Hassan al-Banna, fondateur des Frères Musulmans
Hassan al-Banna, fondateur des Frères Musulmans © cc

Mais beaucoup d'Egyptiens se sont abstenus, les électeurs du Caire ont voté non. La supériorité des Frères n'est pas sans partage : ces dernières semaines, des foules ont attaqué une trentaine de leurs sièges aux cris de "Frères menteurs!"

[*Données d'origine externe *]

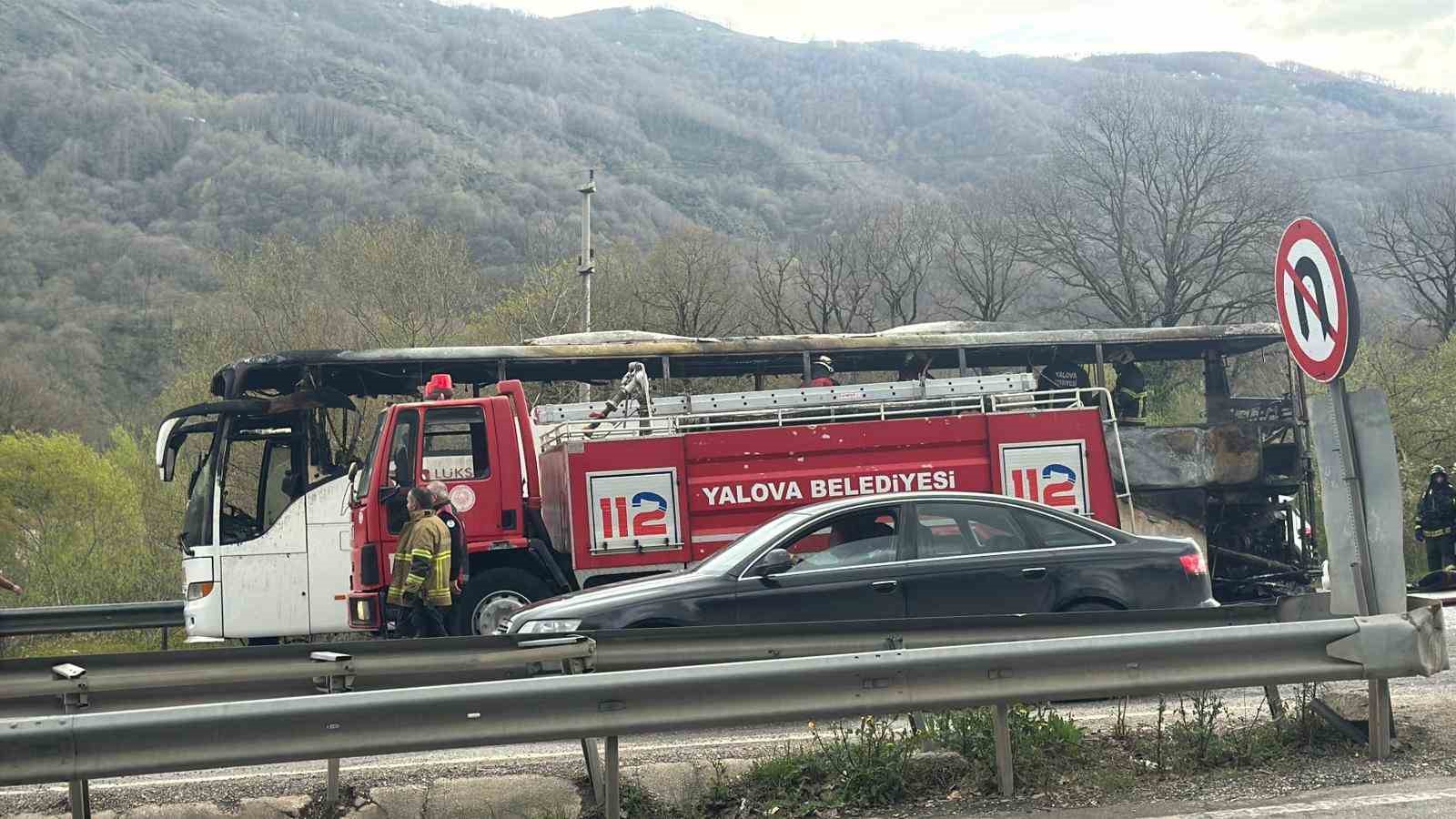 yalovada seyir halindeki yolcu otobusu alevlere teslim oldu 2 ZhMfOeb7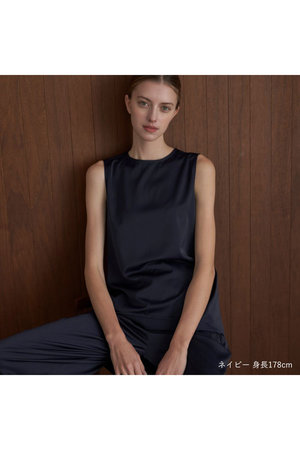 サテンノースリーブ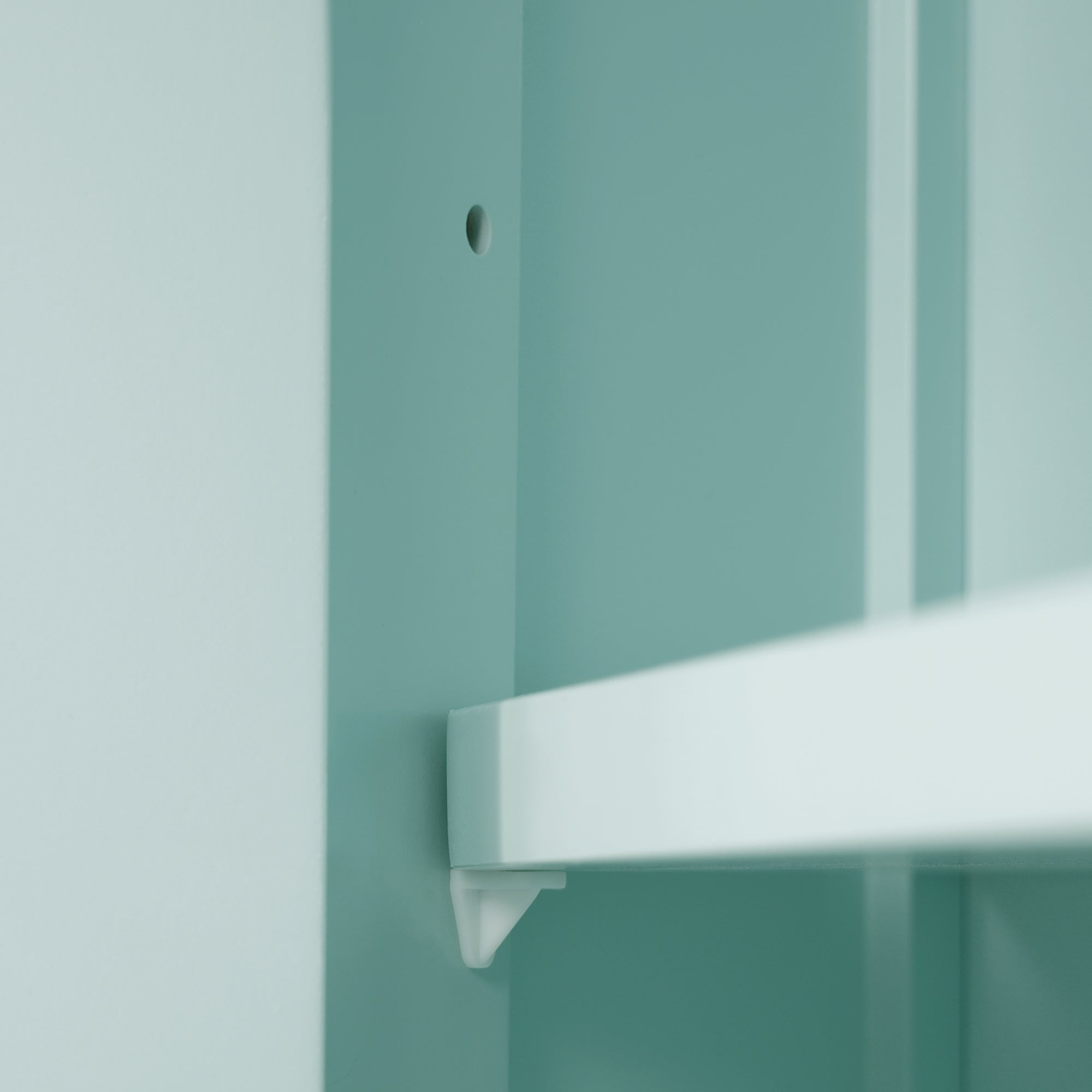 31" Wood 1-door Bathroom Cabinet with Interior Shelves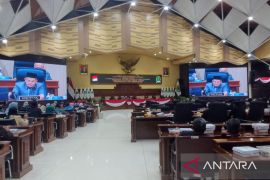 Kaltim kemarin, Pengesahan APBD perubahan hingga taksi terbang IKN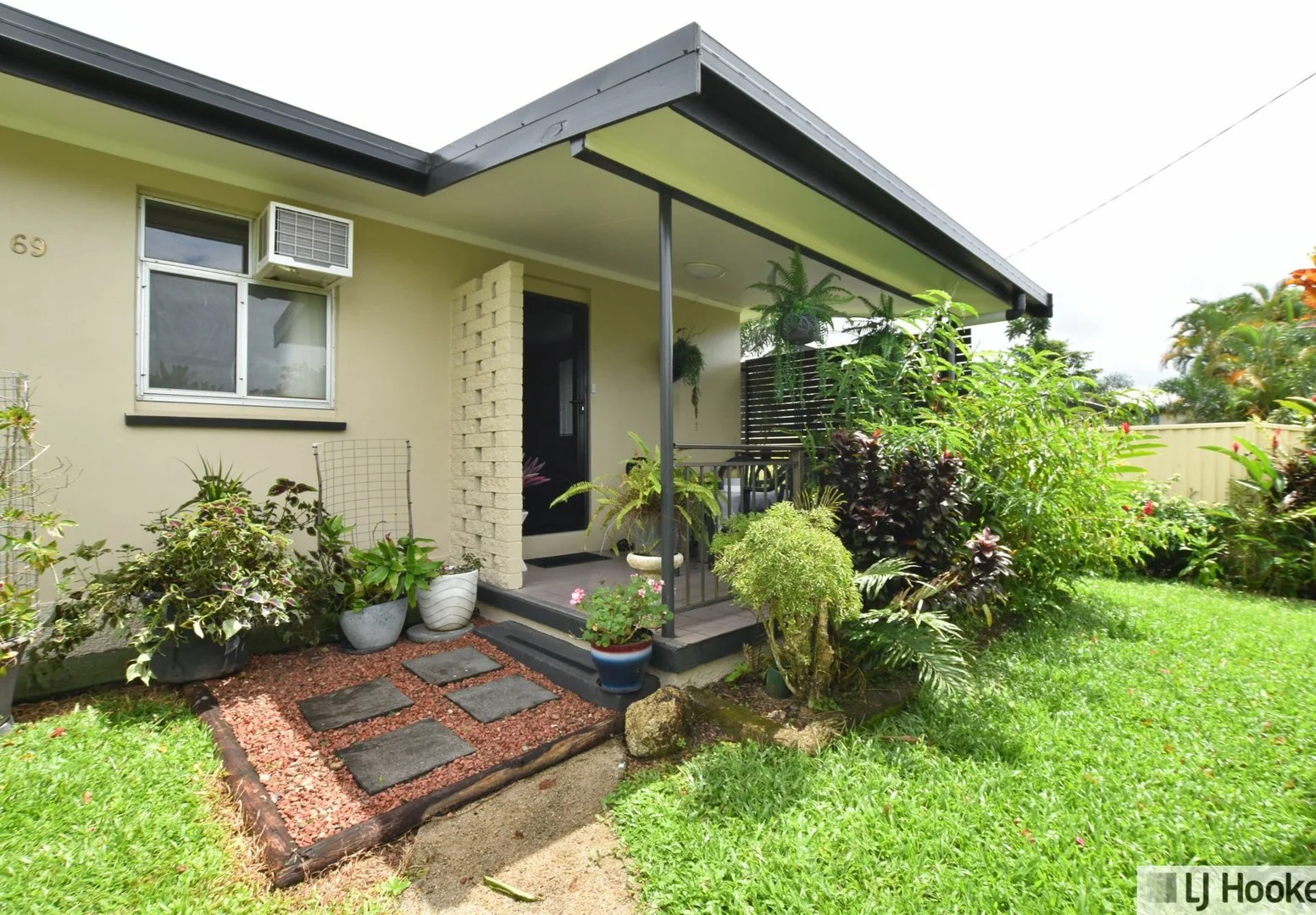 69 Murray Street, Tully QLD 4854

Le paradoxe est le signe sous lequel les Frères ont vécu leur longue histoire, passablement rocambolesque. Leur fondation eut lieu au grand jour en 1928 : ils jouaient un rôle politique mais, habilement, ils avaient refusé de monter sur la scène. Ni leur interdiction en 1948 ni les persécutions de Nasser après 1954, pas davantage les politiques à géométrie variable de Sadate et de Moubarak ne parvinrent à les éradiquer. Les années précédant la "révolution de la place Tahrir", ils en étaient venus à pratiquer un jeu de bascule inouï : la clandestinité mais à ciel ouvert. Ils ont ainsi constitué, dans un paradoxe permanent, un mouvement de fond pérenne, capable de jouer d'un répertoire d'actions, les unes publiques, les autres dissimulées, si enchevêtré qu'on peut se demander si tous les Frères s'y reconnaissent eux-mêmes.